なお、4.5Kで24インチというサイズは、デフォルトの設定でも、スプレッドシートでかなり広い領域を表示できる。比較的大きなスプレッドシートを扱うことの多い人には、従来の21.5インチモデルと比べて、この点だけでもかなり使いやすく感じられるはずだ。参考までに、デフォルト設定でのフルスクリーンのスプレッドシートの状態のスクリーンショットを示しておく。
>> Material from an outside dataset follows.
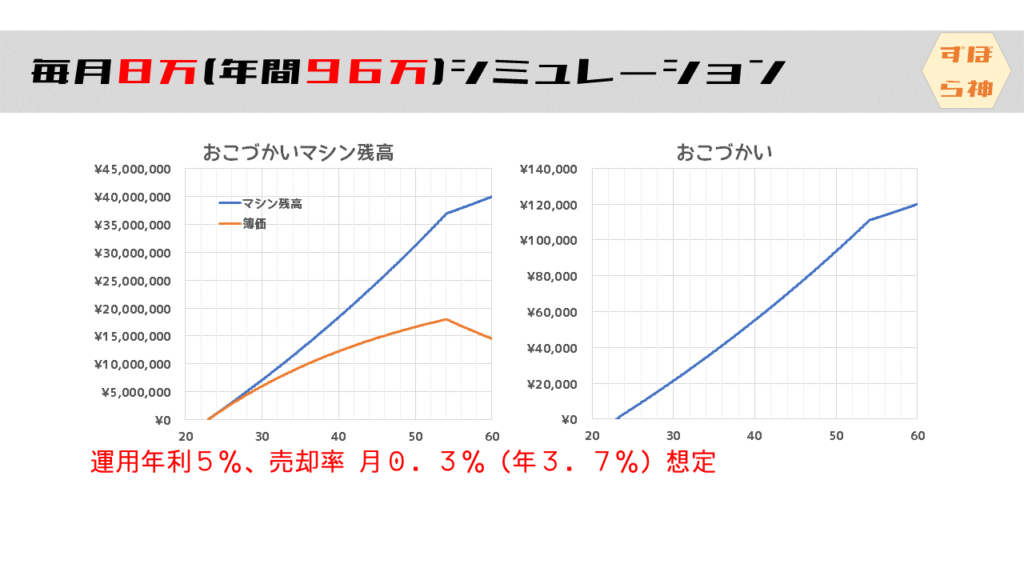 配当金生活シミュレーション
もちろん、ディスプレーの表示品質は解像度だけによって決まるものではない。目で見てある程度判断できるものとしては、色の再現性や最大輝度などがある。もちろん目で見ただけで定量的に評価できるわけではないが、そうした体感的な特性も、スペックを見れば、ある程度の察しは付く。新しい24インチモデルの仕様には、ディスプレーの解像度以外の特性として、「十億色対応」、「500ニトの輝度」、「広色域(P3)」と記述してある。これらは、それぞれ微妙な色の違いの表現力、ディスプレーの輝度を最大にしたときの明るさ、色の再現範囲の広さを表す尺度と考えられる。
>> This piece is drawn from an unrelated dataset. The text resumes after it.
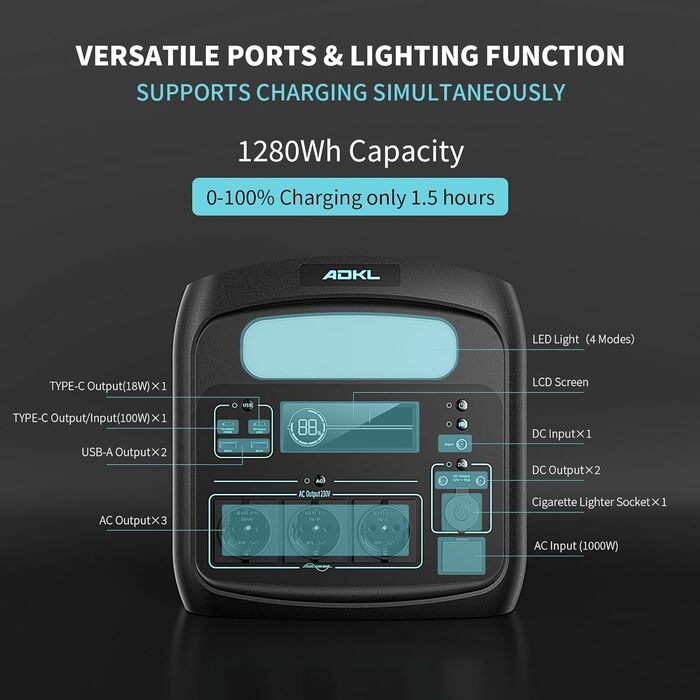 Портативна електростанція ADKL 1200 Вт Сонячний генератор Lifepo4,1280Wh із сонячною панеллю 200 Вт, мобільний блок живлення 230 В із портом швидкої зарядки TYPE-C USB-A Power Station для аварійного кемпінгу Відкритий сад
そして、これらの特性は、同じiMacで比べれば、27インチモデルと同等のものとなった。従来の21.5インチモデルの仕様には、「数百万色以上」とあるだけで、輝度や色域についての記述はない。これは、これらすべての点で27インチモデルに劣っていたと考えられる。従来から、21.5インチモデルは一般ユーザー向け、27インチモデルは(ライトな)プロユーザー向けという、区分けがなんとなく存在していたと考えられる。それが新たな24インチモデルでは、画面サイズについては相変わらず一般ユーザー向けを主体とするものと思われるものの、その他のディスプレー仕様では、プロユーザー向けの領域に入ったと言っていい。それは、MacBookシリーズのディスプレーの仕様と比べてみても明らかだ。
特に、MacBookシリーズのポータブルなディスプレーでは得られない「十億色対応」は、iPadのような本体の薄さと軽さを実現しながら、紛れもないデスクトップ機としてのiMac 24インチモデルの価値を高める大きな要因と言える。